En quoi l’État français est-il ou a-t-il été défaillant ?
L’État français accentue les inégalités parce qu’il n’aide pas les jeunes femmes qui s’émancipent et porte un regard stigmatisant sur les hommes, les jeunes hommes, héritiers de l’immigration. Ce regard n’arrangent pas les relations femmes/hommes. Les jeunes filles et jeunes hommes se retrouvent majoritairement au chômage en sortant de l’école ou de l’université, ce qui ruine toutes leurs espérances d’ascension sociale.
Aujourd’hui les jeunes filles connaissent cette crise identitaire, souvent propre à leur âge, elle se rallient à ce qu’elles pensent être une posture religieuse, sans se rendre toujours compte qu’il s’agit d’un projet politique. Les diktats s’imposent sur l’ensemble de leur vie, non seulement sur leur façon de s’habiller mais aussi de penser, de manger, de se comporter. Ce sont tous ces comportements sociaux qui leur sont dictés qui fabriquent aussi le communautarisme.

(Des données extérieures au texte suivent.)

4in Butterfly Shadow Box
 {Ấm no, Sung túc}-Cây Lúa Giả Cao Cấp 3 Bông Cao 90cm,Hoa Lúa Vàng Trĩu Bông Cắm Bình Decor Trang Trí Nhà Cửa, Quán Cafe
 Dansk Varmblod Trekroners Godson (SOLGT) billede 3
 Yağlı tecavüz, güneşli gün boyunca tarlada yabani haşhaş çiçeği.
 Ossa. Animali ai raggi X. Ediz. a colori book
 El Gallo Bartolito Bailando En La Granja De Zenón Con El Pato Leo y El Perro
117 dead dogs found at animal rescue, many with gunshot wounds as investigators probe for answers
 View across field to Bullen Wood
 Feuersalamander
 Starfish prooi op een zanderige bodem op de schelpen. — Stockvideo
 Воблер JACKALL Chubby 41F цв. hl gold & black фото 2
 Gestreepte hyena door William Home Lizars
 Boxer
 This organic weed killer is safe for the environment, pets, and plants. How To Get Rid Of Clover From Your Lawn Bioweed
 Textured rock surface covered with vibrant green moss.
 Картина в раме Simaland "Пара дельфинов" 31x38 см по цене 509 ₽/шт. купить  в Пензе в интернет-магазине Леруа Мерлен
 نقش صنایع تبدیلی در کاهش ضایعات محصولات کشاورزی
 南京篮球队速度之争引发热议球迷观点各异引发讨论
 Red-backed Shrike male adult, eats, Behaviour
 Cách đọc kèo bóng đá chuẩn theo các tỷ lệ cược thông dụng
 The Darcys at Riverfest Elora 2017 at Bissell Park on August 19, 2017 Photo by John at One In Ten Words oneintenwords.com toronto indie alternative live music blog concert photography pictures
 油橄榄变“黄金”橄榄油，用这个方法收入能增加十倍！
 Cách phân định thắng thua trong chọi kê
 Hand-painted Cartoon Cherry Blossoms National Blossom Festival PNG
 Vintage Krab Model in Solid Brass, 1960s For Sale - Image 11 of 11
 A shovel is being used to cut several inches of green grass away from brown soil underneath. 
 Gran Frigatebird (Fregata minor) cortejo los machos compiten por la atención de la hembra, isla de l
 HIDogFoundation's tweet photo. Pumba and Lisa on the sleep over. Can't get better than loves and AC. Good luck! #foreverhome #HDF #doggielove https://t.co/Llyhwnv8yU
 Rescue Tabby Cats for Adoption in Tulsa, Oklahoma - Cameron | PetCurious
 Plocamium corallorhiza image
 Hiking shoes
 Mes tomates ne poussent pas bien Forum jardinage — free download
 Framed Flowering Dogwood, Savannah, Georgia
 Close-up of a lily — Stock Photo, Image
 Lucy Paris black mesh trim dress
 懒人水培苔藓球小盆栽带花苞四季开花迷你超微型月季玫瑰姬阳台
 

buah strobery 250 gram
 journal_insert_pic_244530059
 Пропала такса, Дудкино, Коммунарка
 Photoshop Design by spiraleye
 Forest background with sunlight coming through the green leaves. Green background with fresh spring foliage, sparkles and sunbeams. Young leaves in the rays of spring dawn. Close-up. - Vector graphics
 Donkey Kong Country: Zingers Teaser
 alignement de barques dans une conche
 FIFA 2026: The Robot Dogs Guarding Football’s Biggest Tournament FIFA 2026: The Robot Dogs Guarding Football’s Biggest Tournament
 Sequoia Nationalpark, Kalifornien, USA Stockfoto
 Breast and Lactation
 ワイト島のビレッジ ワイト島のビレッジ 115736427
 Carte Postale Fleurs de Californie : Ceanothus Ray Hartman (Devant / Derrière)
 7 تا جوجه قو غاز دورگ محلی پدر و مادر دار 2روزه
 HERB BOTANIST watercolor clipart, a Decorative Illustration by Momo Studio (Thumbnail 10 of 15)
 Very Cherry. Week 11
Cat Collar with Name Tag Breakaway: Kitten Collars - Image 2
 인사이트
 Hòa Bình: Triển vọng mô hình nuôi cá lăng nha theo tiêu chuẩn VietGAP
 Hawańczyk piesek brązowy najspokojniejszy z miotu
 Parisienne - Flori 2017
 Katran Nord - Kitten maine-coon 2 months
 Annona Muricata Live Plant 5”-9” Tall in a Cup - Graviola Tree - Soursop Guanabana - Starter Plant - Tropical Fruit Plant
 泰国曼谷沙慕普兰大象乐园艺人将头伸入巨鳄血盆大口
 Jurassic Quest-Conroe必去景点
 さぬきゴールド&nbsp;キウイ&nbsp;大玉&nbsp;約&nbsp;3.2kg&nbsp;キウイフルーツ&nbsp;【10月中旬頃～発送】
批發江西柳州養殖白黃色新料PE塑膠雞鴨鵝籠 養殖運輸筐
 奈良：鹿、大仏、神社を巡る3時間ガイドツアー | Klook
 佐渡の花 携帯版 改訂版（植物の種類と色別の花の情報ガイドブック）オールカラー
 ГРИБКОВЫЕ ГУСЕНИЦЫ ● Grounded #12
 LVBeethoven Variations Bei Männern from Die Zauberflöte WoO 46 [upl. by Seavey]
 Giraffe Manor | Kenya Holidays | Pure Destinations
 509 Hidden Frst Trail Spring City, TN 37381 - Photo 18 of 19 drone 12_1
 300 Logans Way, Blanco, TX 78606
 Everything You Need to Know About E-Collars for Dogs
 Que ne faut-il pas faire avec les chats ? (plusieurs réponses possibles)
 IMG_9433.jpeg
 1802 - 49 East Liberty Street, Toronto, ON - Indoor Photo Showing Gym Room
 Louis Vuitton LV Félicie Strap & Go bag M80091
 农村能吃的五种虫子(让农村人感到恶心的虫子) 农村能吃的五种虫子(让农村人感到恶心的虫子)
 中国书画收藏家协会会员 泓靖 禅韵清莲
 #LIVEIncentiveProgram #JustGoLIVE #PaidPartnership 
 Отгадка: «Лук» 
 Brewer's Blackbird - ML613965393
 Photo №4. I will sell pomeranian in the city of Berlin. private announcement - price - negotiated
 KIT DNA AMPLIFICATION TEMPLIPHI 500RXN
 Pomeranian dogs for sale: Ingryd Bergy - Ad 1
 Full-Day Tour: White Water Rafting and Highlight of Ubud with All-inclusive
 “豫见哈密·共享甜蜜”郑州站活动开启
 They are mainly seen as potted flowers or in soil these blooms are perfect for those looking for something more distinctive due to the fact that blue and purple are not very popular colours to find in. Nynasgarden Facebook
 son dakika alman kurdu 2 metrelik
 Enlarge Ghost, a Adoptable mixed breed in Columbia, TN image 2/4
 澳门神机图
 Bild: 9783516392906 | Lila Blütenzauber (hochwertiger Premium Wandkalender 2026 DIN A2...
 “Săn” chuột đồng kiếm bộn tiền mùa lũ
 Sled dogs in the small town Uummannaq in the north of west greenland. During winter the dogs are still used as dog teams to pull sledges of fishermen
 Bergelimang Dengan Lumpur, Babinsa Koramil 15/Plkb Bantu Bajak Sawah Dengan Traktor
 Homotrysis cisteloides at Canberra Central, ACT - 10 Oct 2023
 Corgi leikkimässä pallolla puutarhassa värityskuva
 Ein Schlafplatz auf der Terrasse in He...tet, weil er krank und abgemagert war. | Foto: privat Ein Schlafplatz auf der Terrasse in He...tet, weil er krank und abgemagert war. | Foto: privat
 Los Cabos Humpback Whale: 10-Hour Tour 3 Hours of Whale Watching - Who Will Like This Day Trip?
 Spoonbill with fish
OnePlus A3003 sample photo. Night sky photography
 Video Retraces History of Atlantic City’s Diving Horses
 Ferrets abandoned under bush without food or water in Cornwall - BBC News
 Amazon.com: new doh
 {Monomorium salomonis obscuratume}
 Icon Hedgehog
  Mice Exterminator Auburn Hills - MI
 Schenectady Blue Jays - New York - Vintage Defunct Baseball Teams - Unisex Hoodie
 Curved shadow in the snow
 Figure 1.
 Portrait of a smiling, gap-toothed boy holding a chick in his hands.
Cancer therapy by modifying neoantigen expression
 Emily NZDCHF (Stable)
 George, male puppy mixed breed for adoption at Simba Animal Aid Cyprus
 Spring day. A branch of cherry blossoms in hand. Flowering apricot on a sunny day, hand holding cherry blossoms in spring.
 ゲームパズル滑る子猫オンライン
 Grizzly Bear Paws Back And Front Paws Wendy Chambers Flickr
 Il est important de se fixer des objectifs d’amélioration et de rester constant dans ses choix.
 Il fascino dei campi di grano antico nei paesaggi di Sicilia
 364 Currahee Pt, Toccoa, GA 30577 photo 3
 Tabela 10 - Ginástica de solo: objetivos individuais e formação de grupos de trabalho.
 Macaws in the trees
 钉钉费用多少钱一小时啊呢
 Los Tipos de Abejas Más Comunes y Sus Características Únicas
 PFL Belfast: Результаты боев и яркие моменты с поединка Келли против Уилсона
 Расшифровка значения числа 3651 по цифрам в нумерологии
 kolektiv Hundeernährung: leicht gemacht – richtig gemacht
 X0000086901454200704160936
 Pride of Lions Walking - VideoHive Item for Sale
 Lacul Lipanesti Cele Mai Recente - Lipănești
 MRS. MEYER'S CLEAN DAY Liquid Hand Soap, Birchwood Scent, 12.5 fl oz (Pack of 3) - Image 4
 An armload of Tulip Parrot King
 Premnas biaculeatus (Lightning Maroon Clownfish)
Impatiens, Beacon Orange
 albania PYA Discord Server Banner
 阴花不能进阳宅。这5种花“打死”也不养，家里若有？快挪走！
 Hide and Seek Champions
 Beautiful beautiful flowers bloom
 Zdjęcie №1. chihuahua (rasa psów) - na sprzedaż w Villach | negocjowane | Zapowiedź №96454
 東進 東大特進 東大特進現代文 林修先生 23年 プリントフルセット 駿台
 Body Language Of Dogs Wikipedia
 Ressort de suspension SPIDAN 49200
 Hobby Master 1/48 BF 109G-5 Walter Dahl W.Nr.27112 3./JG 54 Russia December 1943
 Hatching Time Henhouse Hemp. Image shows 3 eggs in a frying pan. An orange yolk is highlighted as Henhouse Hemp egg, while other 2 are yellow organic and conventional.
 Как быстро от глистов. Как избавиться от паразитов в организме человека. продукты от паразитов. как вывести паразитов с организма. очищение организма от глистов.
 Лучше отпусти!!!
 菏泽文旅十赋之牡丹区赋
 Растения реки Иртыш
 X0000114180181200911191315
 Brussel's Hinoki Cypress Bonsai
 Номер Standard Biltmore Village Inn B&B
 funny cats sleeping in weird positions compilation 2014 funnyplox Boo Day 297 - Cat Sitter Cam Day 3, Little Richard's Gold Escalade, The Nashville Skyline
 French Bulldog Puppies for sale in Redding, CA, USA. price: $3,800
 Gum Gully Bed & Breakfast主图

Le ramadan est devenu un comportement social plus qu’une pratique religieuse. Au restaurant ou chez certains commerçants, nous sommes mis.es en garde contre la présence de porc ou d’alcool car on pré-suppose à notre « apparence » que nous sommes musulman·e. C’est une manière de nous infantiliser et de penser à notre place en nous plaçant d’office dans une case. Lors d’interview, on me demande de réagir « en tant que musulmane » parce que je suis d’origine algérienne ! Je réponds en tant que citoyenne française avec la richesse de mon histoire, je ne suis qu’une musulmane sociologique.
Comment réparer un tissu social laïc et égalitaire ?
Il faut prendre des mesures économiques et culturelles. Il faut redonner des moyens aux associations progressistes pour un véritable retour de l’Éducation populaire. Il faut redonner à l’école ses lettres de noblesse avec l’ambition et les moyens nécessaires. Il faut aussi (re)faire travailler ensemble l’Éducation nationale et l’Éducation populaire, pas uniquement sur le papier. Je suis allée à l’école de la Maison des Jeunes et de la Culture (MJC). Ma culture cinématographique et littéraire me vient de la MJC. Je me souviens de grands débats avec des cinéastes comme René Vautier, avec les films italiens, russes, les débuts du cinéma japonais… C’est grâce à tout cette éducation populaire que j’ai compris les films burlesques de Charlie Chaplin et les différentes écritures cinématographiques. La MJC complétait l’école, enrichissait notre culture. Aujourd’hui les revendications cultuelles ont pris le pas sur la culture dont les objectifs premiers sont de développer le savoir, la sensibilité, les connaissances et l’esprit critique. On a besoin de l’éducation populaire qui est un pilier du contrat social et est créatrice de lien social, par le biais des associations, éducatrices et éducateurs engagé.es pour une éducation émancipatrice qui vise à faire des citoyen.nes libres et égales/égaux.